Excerpts from a dataset
%%
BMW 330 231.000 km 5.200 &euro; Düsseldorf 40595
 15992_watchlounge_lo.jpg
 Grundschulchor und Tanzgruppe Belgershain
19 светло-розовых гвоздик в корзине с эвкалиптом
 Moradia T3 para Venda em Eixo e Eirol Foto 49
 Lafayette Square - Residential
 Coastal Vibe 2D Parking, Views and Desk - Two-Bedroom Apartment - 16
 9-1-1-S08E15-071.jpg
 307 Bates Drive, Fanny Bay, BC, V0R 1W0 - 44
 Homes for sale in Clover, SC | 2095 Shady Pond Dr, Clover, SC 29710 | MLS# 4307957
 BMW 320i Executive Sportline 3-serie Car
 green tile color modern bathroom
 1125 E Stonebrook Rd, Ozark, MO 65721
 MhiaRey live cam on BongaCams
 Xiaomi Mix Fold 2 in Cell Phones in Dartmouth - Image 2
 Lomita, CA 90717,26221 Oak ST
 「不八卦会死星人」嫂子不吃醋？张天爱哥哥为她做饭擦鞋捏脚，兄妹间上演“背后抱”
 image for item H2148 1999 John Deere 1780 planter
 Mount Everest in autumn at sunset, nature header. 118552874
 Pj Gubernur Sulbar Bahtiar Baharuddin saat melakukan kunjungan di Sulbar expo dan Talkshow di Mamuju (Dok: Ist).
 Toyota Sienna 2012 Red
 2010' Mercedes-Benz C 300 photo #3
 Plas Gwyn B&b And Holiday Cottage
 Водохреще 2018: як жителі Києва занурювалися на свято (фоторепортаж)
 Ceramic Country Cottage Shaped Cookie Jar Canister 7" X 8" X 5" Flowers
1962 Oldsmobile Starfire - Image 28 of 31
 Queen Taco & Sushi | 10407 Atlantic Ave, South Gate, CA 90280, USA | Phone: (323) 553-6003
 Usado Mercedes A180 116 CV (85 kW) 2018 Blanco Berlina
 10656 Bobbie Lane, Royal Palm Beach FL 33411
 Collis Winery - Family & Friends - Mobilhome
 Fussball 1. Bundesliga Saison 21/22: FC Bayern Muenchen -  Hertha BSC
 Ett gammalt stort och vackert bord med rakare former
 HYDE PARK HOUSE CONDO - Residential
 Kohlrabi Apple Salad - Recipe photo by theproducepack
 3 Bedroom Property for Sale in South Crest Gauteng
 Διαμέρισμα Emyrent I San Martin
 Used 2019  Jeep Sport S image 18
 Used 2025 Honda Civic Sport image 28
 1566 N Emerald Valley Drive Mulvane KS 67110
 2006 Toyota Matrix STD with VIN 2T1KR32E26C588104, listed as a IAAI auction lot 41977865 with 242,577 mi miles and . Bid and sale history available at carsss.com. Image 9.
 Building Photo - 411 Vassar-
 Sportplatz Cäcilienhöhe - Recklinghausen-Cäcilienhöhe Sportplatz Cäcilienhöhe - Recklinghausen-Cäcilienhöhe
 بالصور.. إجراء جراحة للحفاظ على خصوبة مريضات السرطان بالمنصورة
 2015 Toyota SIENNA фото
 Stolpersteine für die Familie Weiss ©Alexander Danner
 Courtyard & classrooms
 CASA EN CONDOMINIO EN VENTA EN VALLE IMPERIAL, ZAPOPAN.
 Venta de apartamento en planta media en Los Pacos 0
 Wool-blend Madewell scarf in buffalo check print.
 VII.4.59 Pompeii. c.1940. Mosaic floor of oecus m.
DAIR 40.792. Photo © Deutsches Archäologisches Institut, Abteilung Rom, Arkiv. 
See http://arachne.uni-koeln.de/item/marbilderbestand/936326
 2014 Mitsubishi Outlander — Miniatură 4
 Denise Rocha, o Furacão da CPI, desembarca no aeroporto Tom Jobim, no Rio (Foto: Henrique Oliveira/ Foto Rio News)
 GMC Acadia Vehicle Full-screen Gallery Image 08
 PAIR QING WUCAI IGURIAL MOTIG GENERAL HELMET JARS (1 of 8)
%%
### What to work on
Please give an exact copy of the entries above, from the line with "9-1-1-S08E15-071.jpg" down to the line with "10656 Bobbie Lane, Royal Palm Beach FL 33411", inclusive, and nothing else.

### Answer to the exercise
 9-1-1-S08E15-071.jpg
 307 Bates Drive, Fanny Bay, BC, V0R 1W0 - 44
 Homes for sale in Clover, SC | 2095 Shady Pond Dr, Clover, SC 29710 | MLS# 4307957
 BMW 320i Executive Sportline 3-serie Car
 green tile color modern bathroom
 1125 E Stonebrook Rd, Ozark, MO 65721
 MhiaRey live cam on BongaCams
 Xiaomi Mix Fold 2 in Cell Phones in Dartmouth - Image 2
 Lomita, CA 90717,26221 Oak ST
 「不八卦会死星人」嫂子不吃醋？张天爱哥哥为她做饭擦鞋捏脚，兄妹间上演“背后抱”
 image for item H2148 1999 John Deere 1780 planter
 Mount Everest in autumn at sunset, nature header. 118552874
 Pj Gubernur Sulbar Bahtiar Baharuddin saat melakukan kunjungan di Sulbar expo dan Talkshow di Mamuju (Dok: Ist).
 Toyota Sienna 2012 Red
 2010' Mercedes-Benz C 300 photo #3
 Plas Gwyn B&b And Holiday Cottage
 Водохреще 2018: як жителі Києва занурювалися на свято (фоторепортаж)
 Ceramic Country Cottage Shaped Cookie Jar Canister 7" X 8" X 5" Flowers
1962 Oldsmobile Starfire - Image 28 of 31
 Queen Taco & Sushi | 10407 Atlantic Ave, South Gate, CA 90280, USA | Phone: (323) 553-6003
 Usado Mercedes A180 116 CV (85 kW) 2018 Blanco Berlina
 10656 Bobbie Lane, Royal Palm Beach FL 33411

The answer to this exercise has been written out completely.